Feeding all this information to you from one app is no small feat of software engineering. It requires accurate real-time data from at least three sources (bus, Tube and train), all of which use different formats, location IDs and semantics. Enter TransportAPI, a five-year-old British company that is the only single source of public transport data in the UK. Whether you’re leaping onto a bus in Bristol or catching a cab in Canary Wharf, TransportAPI aggregates, harmonises and distributes the data, meaning you’ll know when you’ll reach your destination and how much it will cost.
TransportAPI is already a source of valuable data for travellers, but it wants to do more. Where are the empty seats on the top deck of the bus? Is it cheaper to hire a car and drive to Manchester or take the train? TransportAPI wants to make your apps – either as a consumer or a developer – much more informative.
Making the most of open data
It only takes a glance at the Tube map to realise that running a transport system is a complicated business. The morass of real-time data produced by the country’s various transport systems is even more byzantine, which is why academics Jonathan Raper and David Mountain decided someone needed to make sense of it all.
Transport Buzz displays a map of transport-related tweets
In 2010, they set up TransportAPI, with the aim of knitting together of all the real-time data from the various transport companies. “A lot of open data is not well documented,” Jonathan Raper, co-founder and managing director of TransportAPI, told Alphr. “We specialise in trying to understand the syntax and semantics of it.”
“A lot of the digital infrastructure around those services is relatively poor,” added Raper. “You may have all the sensor data you can shake a stick at, but the references that tell you where those sensors are located are not in as good shape. So we maintain a lot of infrastructure data, reference lists and lookup tables of different identifiers that are used by different services.”
A key part of TransportAPI’s job is marrying overlapping data from different sources. For example, bus and Tube services may serve the same location, but the two data feeds will use different identifiers for the same stop. TransportAPI pulls this information together so partner app providers such as Citymapper don’t have to. “We do a lot of harmonisation, error checking, validation and organisation,” said Raper.
“It’s so sophisticated it’s capable of encoding interplanetary travel timetables as well as the number 46 bus.”
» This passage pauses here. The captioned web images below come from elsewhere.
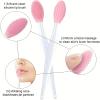 2-Pack Nose Exfoliating Brush Kit  Dual-Sided Facial Cleaning Tools for Blackhead Removal, Pore Care & Daily Skincare Routine, Silicone Exfoliator for Smooth, Clear Skin view 2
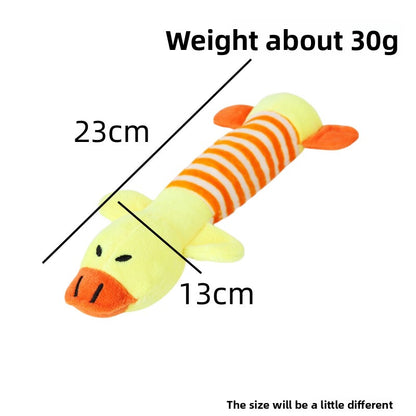 Squeaky Cute Plush Pet Toy for Dogs & Cats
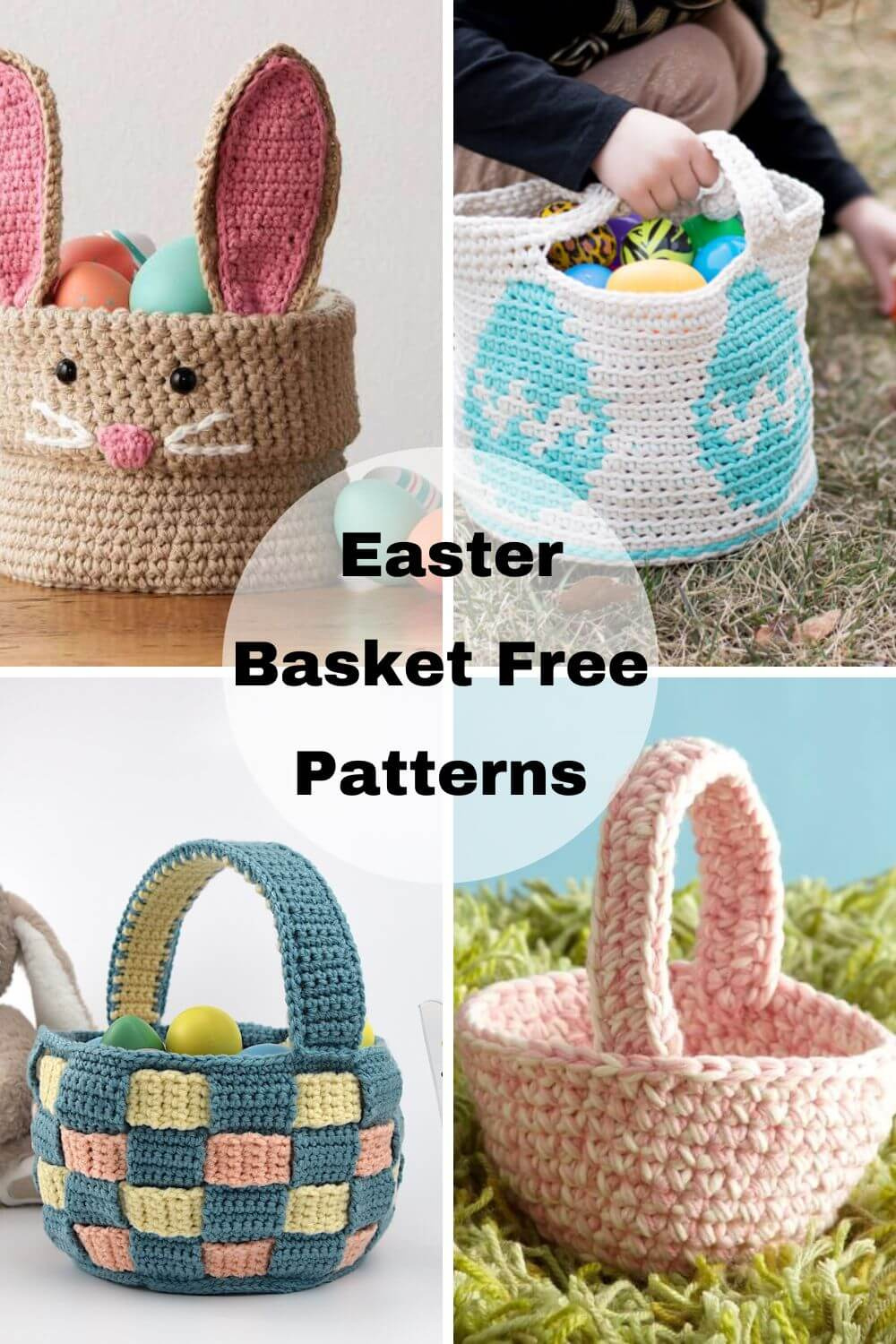 Small Crochet Easter Basket Pattern Free FREE Printable HQ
The journey-planner app makers could get all this information for themselves – often for free – but they would rather pay TransportAPI to provide all that data in one go. “We can aggregate,” said Raper, “which means developers don’t need to sign agreements with lots of different data providers and try to make sense of the different formats. In our service, once you’ve used one interface, you can use it in every transport area. If you build a bus app and then decide to add trains, all you have to do is change the URL to ‘/train’.”
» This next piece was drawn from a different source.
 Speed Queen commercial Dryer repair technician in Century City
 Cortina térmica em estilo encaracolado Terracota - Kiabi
Raper claims that making sense of the various transport companies’ data is the biggest technical challenge his team faces. The company maintains databases based on “some very complex and difficult-to-handle data formats such as TransXChange, which is the representation of transport timetables. It has exceptionally difficult semantics associated with it. One of the dev team quipped that it’s so sophisticated it’s capable of encoding interplanetary travel timetables as well as the number 46 bus.”
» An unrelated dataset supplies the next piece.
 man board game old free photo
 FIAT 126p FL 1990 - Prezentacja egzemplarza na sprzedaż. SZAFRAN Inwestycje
Transport companies even sabotage data to stop the public or their rivals having access to it. “There are situations where things are deliberately obfuscated,” said Raper, accusing some transport operators of trying to protect their monopolies. “It’s a weapon, an example of a 21st-century digital competition tool for large organisations – to try and make their data very difficult to consume. There may be regulatory reasons why they’re being forced to release it, but there are operational reasons why they don’t want other people to see what they’re doing and how they’re doing it.”